The Boating Essentials course kicks off on Oct. 1 and runs Tuesday nights for nine weeks until the end of November.
• A higher volume of ice than expected in the Northwest Passage has scuttled an attempt by a group of adventurers to row from Inuvik, Northwest Territories to Pond Inlet in Nunavut.
The four-man team experienced strong headwinds and ice-choked channels that eventually made them decide to pull the plug on their attempt.
• Glenn Wakefield may be 63, but the Vancouver Island man still believes he has time to fulfill a lifelong dream. The Victoria resident embarked this week on an adventure that will see him attempt to sail solo around the globe.
Wakefield made one other attempt to make the circumnavigation five years ago, but was forced to abandon the attempt due to heavy storms at Cape Horn at the bottom of South America.
• The west coast of Vancouver Island has been justifiably called the Graveyard of the Pacific because of all the shipwrecks that took place there, but it’s not the only notorious stretch of coastline on the planet.
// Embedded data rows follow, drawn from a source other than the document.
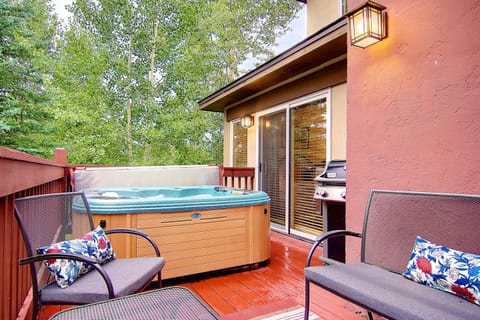 The patio is a nice place to relax, with a hot tub and a grill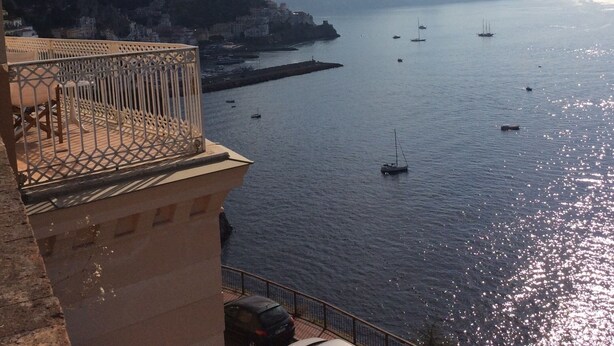 A coastal view with boats on the water, a mountainous backdrop, and a building with a balcony.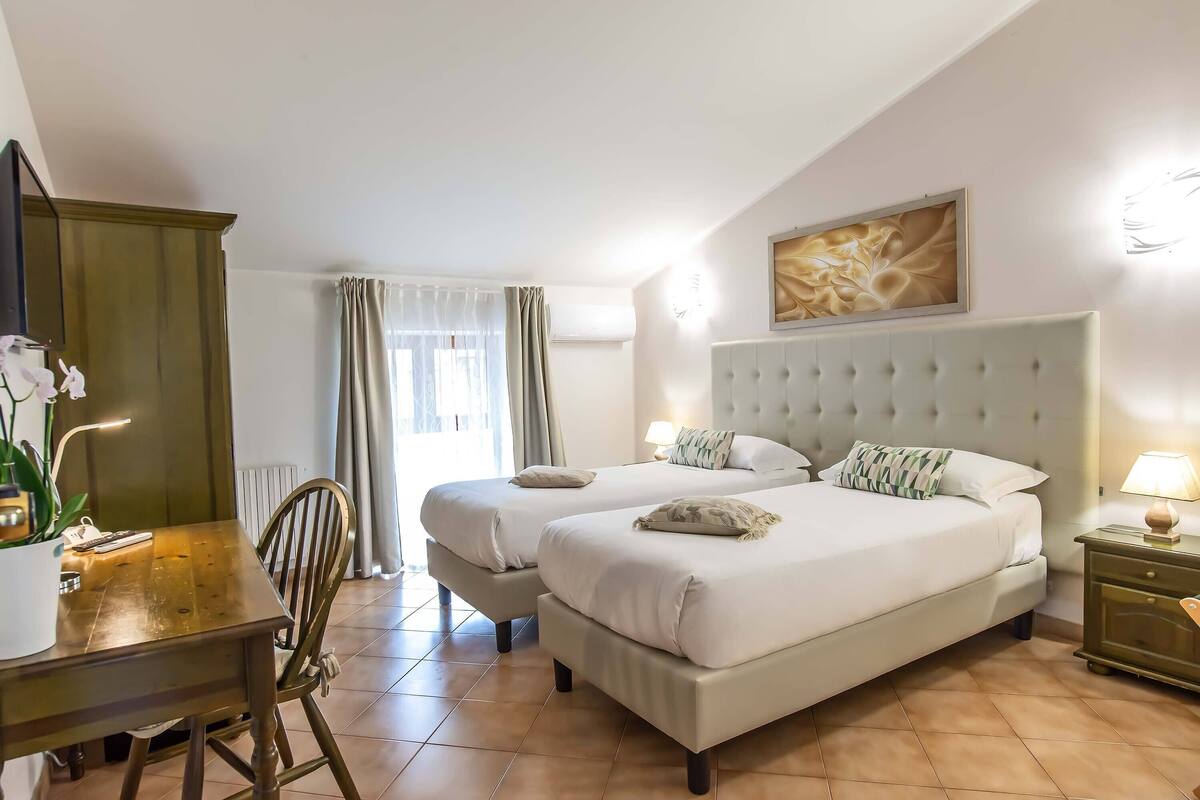 A hotel room with two beds, a wooden desk, a chair, a potted plant, and a window with curtains.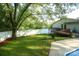 Landscaped backyard with privacy fence, patio, deck, and large shade tree at 142 Wilson Ne St, Concord, NC 28025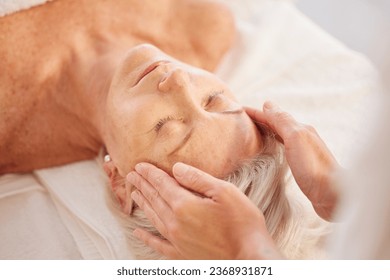 Spa, head massage and senior woman at a spa for luxury, self care and facial healing treatment. Relax, wellness and elderly female person on a retirement retreat for face therapy at natural salon. - Powered by Shutterstock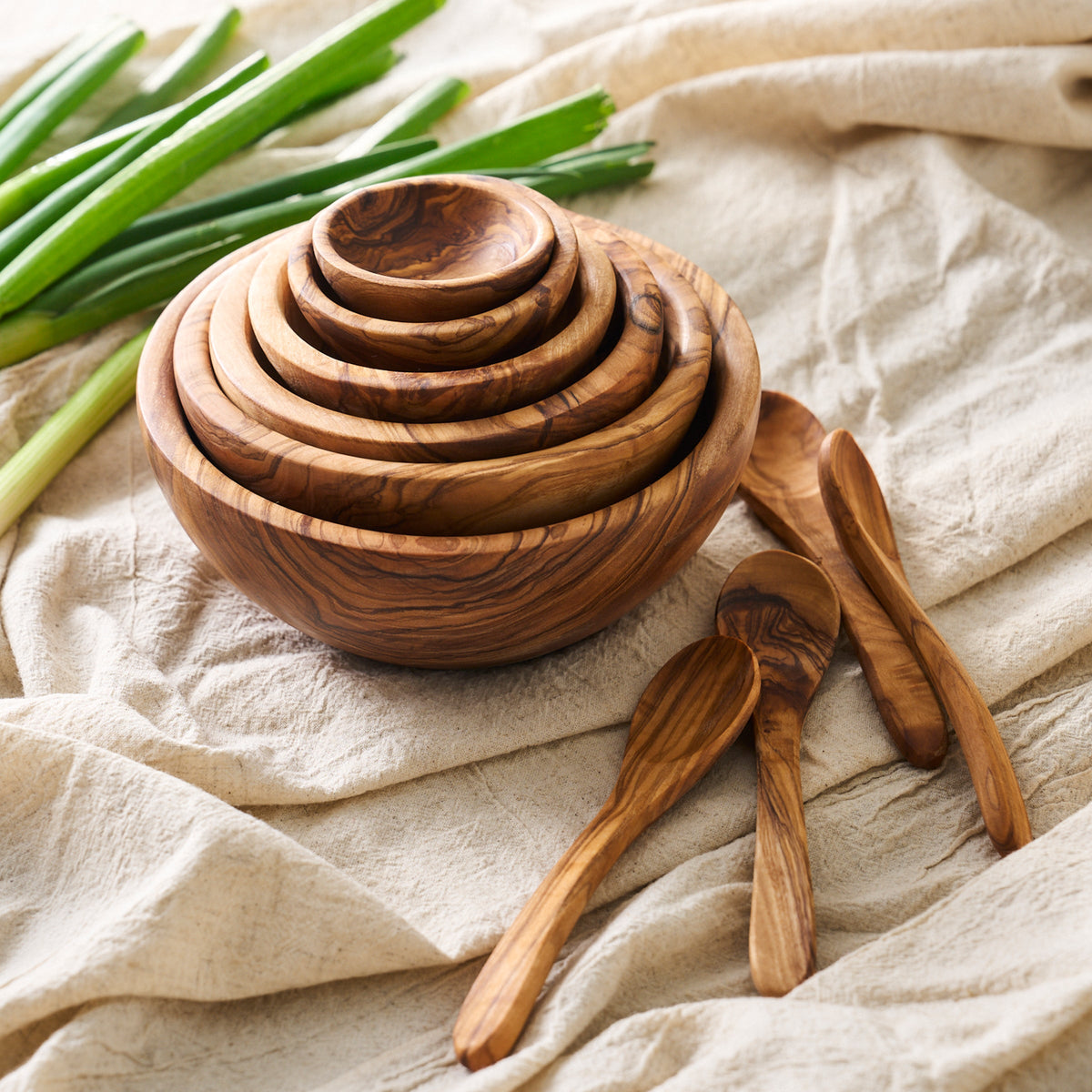 A handcrafted Be Home olive wood bowl with Olive Wood Small Spoons, Set of 4 and green onions.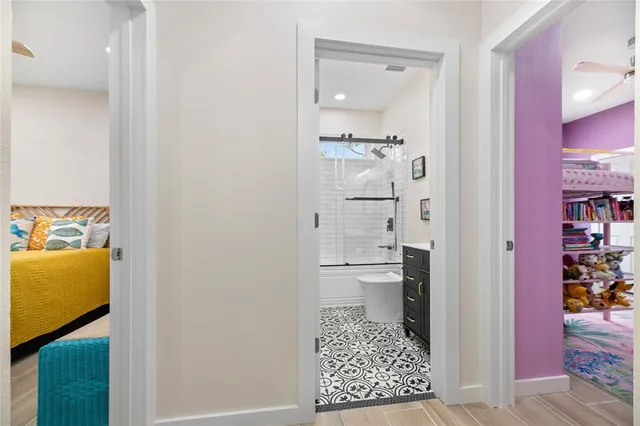 a bedroom with a bed and a table in it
On the coast of Namibia however lies a stretch of the Namib desert that bears its own well-deserved grim title: the Skeleton Coast.
That coastline has claimed everything from Spanish galleons to modern cargo ships, one of which went down on this date in 1904.
Shrouded in dense fog, the Eduard Bohlen, a 310-foot, 2,272 gross ton cargo ship ran aground and was wrecked at Conception Bay while steaming from Swakopmund to Table Bay. The rusting remains of the ship remain swathed in sand to this day, laying about 400 metres from the coast. It is one of the most photographed shipwrecks in the world.